Kılıç, Danıştay’ın kuruluşunun 144. yıl dönümü nedeniyle TBMM’de düzenlenen kokteyle katıldı.

Gazetecilerin sorularını yanıtlayan Kılıç, Cumhurbaşkanı Seçimi Kanunu’nun iptali istemiyle açılan davada, raportörün raporunu henüz tamamlamadığını söyledi.

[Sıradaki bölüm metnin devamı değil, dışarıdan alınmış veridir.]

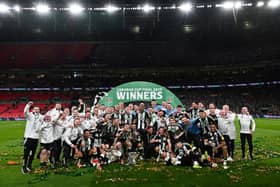 Newcastle United's players celebrate with the League Cup trophy after winning the English League Cup final football match between Liverpool and Newcastle United at Wembley Stadium, north-west London on March 16, 2025. Newcastle United wins English League Cup 2 -1 against Liverpool. (Photo by Glyn KIRK / AFP)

Bireysel başvuruyla ilgili çalışmalar için Anayasa Mahkemesi’nden bir heyetin İspanya’da olduğunu belirten Kılıç, ”Yarın akşam gelecekler. Raportör arkadaş da henüz raporunu tamamlamadı. Tamamladığı zaman en kısa sürede görüşmeye alacağız. O konuda bir sorun yok” dedi.

Belirlenen bir takvim olup olmadığının sorulması üzerine Kılıç, ”Doğrusu bilemiyorum. Raportörün raporunu tamamlaması ne zaman biter, onu bilmiyorum. Ama tamamladıktan sonra, çok fazla sürmez. Bir hafta, 10 gün içinde gündeme alırız. Yani, ilk gündeme onu alırız” diye konuştu.

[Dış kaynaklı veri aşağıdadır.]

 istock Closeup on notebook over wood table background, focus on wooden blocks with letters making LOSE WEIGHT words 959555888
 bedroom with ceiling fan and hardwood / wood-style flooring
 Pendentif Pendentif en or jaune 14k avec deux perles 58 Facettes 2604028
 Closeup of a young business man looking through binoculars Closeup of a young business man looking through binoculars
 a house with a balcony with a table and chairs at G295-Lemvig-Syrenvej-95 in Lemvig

Kılıç, bir gazetecinin, ”Daha önce, olası iptal halinde haziranda adaylık başvurusu söz konusu olabileceğinden bunu gözetebileceğinizi söylemiştiniz” demesi üzerine ”Tabii ki onu gözeterek öyle söyledim. Bugün de aynı şeyi söylüyorum. En kısa zamanda, kamuoyunun yakından takip ettiği bir konuyu sonuca bağlamak bizim görevimiz. O nedenle en kısa süre içinde sonuçlandırmaya çalışacağız” diye konuştu.

-”Başkanlık sistemi konuşulabilir”-

Kılıç, Danıştay Başkanı Hüseyin Karakullukçu’nun bugün yaptığı konuşmada, başkanlık sistemine destek verdiğinin hatırlatılması ve görüşünün sorulması üzerine, bu tür siyasi, toplumu ve geniş kitleleri yakından ilgilendiren konularda ”bu doğrudur, bu yanlıştır” diye bir genelleme yapmanın doğru olmayacağını belirtti.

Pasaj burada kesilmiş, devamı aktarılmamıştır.